*TASK BRIEF*
If a picture appears in the records, leave it out and transcribe the rest exactly.

=== DATA EXTRACTS ===

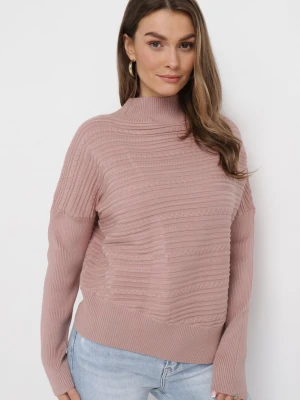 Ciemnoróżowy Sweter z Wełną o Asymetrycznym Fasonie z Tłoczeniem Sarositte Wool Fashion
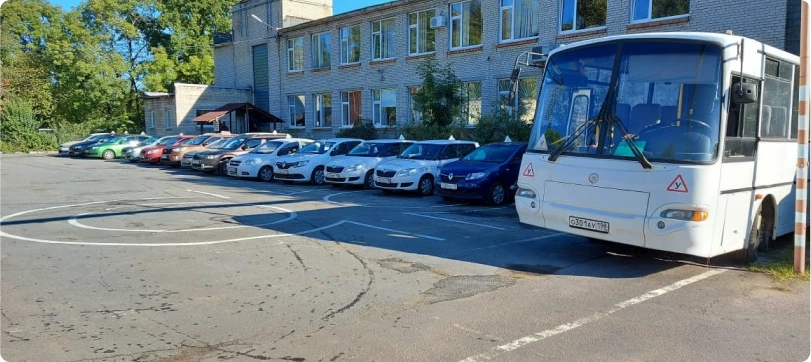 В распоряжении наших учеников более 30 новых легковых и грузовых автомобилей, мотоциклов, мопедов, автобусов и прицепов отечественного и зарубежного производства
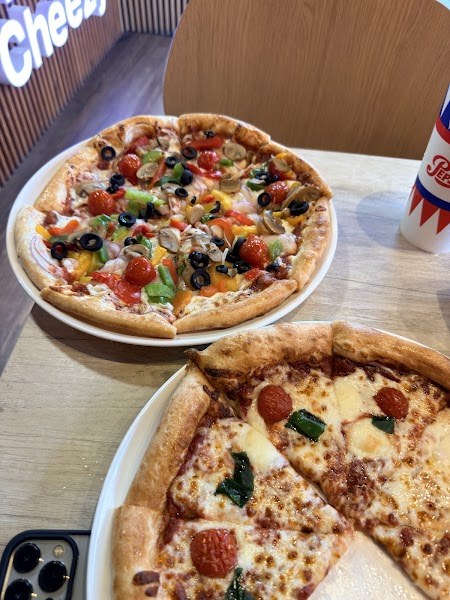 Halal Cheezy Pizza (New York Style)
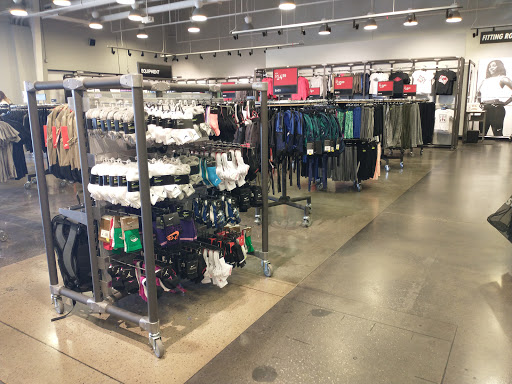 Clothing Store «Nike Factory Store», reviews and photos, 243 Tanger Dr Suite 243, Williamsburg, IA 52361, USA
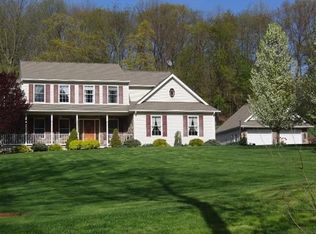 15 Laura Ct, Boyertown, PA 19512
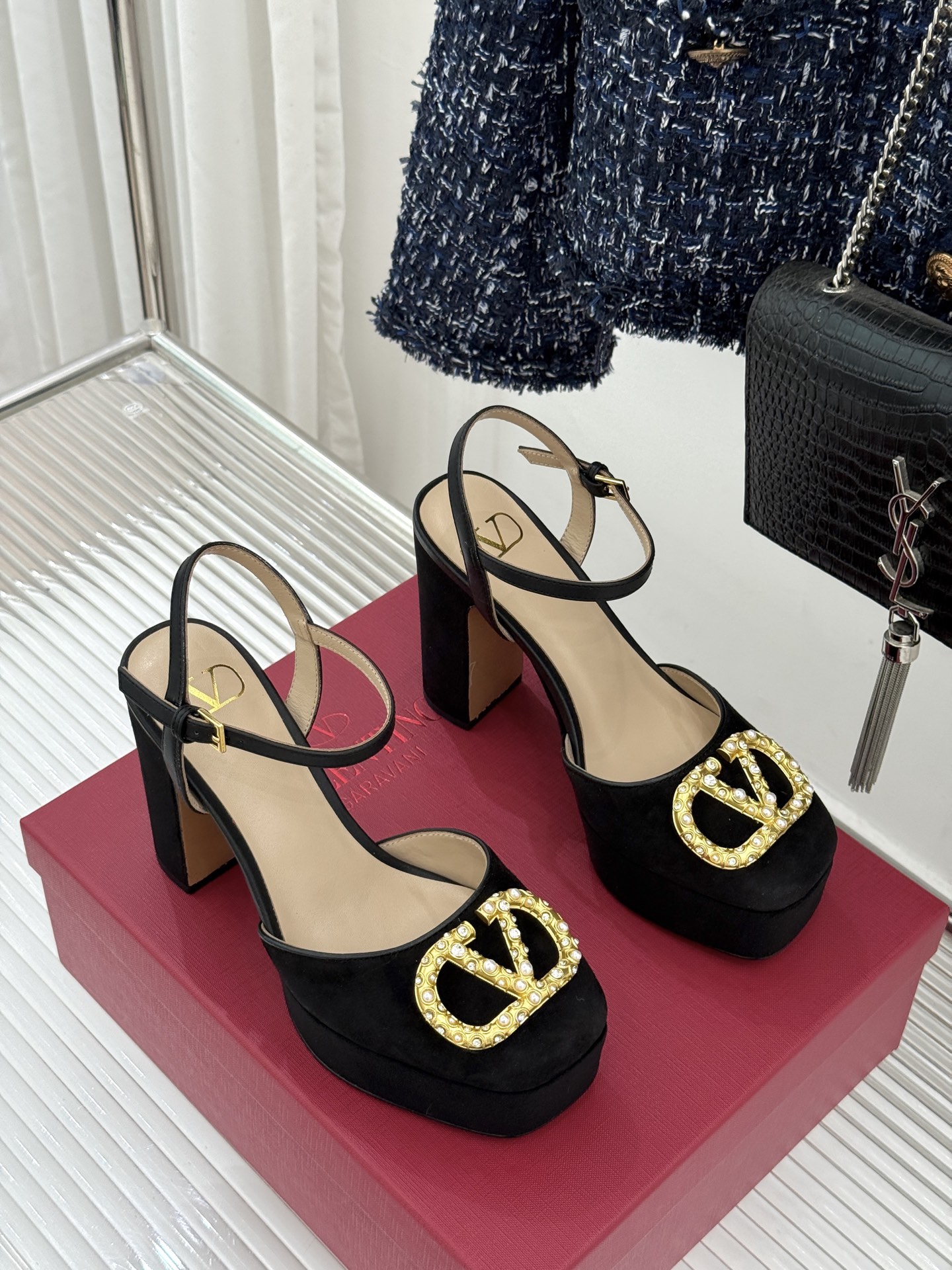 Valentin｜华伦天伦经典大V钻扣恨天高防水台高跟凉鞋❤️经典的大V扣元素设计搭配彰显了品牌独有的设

===

*OUTPUT BELOW*
 Ciemnoróżowy Sweter z Wełną o Asymetrycznym Fasonie z Tłoczeniem Sarositte Wool Fashion
 В распоряжении наших учеников более 30 новых легковых и грузовых автомобилей, мотоциклов, мопедов, автобусов и прицепов отечественного и зарубежного производства
 Halal Cheezy Pizza (New York Style)
 Clothing Store «Nike Factory Store», reviews and photos, 243 Tanger Dr Suite 243, Williamsburg, IA 52361, USA
 15 Laura Ct, Boyertown, PA 19512
 Valentin｜华伦天伦经典大V钻扣恨天高防水台高跟凉鞋❤️经典的大V扣元素设计搭配彰显了品牌独有的设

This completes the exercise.